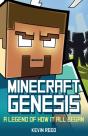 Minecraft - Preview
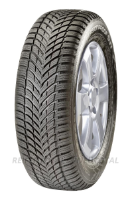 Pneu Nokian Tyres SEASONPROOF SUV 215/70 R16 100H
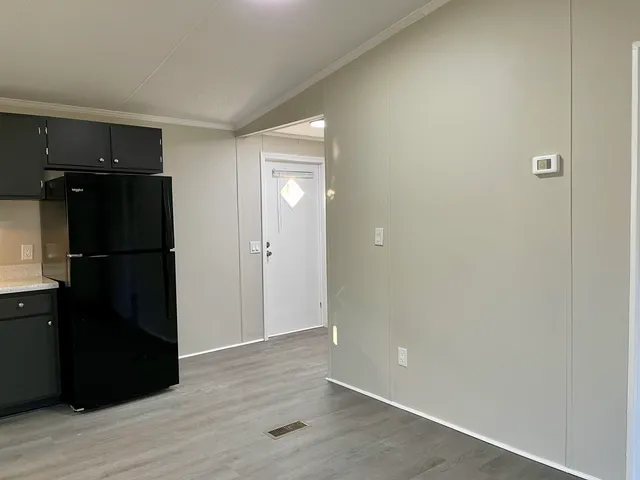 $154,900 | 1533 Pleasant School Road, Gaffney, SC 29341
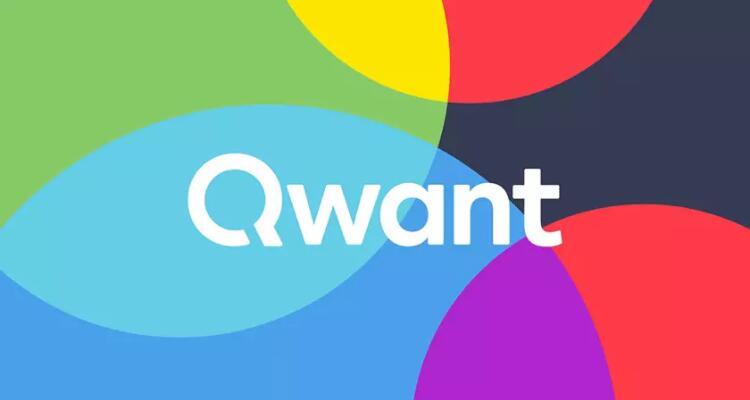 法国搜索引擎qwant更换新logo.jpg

==

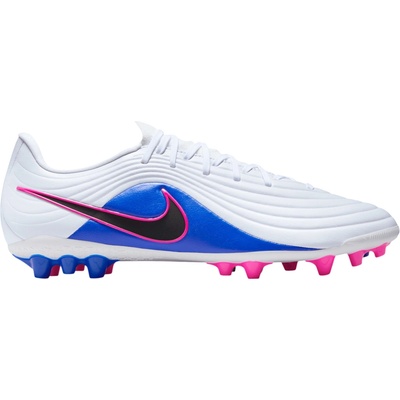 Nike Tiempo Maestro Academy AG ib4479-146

==

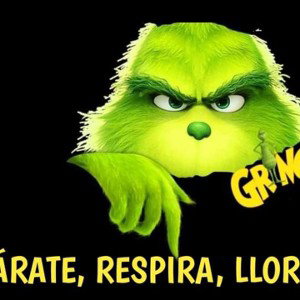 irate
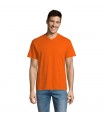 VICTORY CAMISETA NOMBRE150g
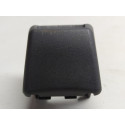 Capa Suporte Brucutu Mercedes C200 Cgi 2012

▶ **Problem**: From the records above, return exactly the lines running from the one that contains "Minecraft - Preview" down to the one that contains "法国搜索引擎qwant更换新logo.jpg", both included, without any pictures.

▶ **Answer to this task**:
 Minecraft - Preview
 Pneu Nokian Tyres SEASONPROOF SUV 215/70 R16 100H
 $154,900 | 1533 Pleasant School Road, Gaffney, SC 29341
 法国搜索引擎qwant更换新logo.jpg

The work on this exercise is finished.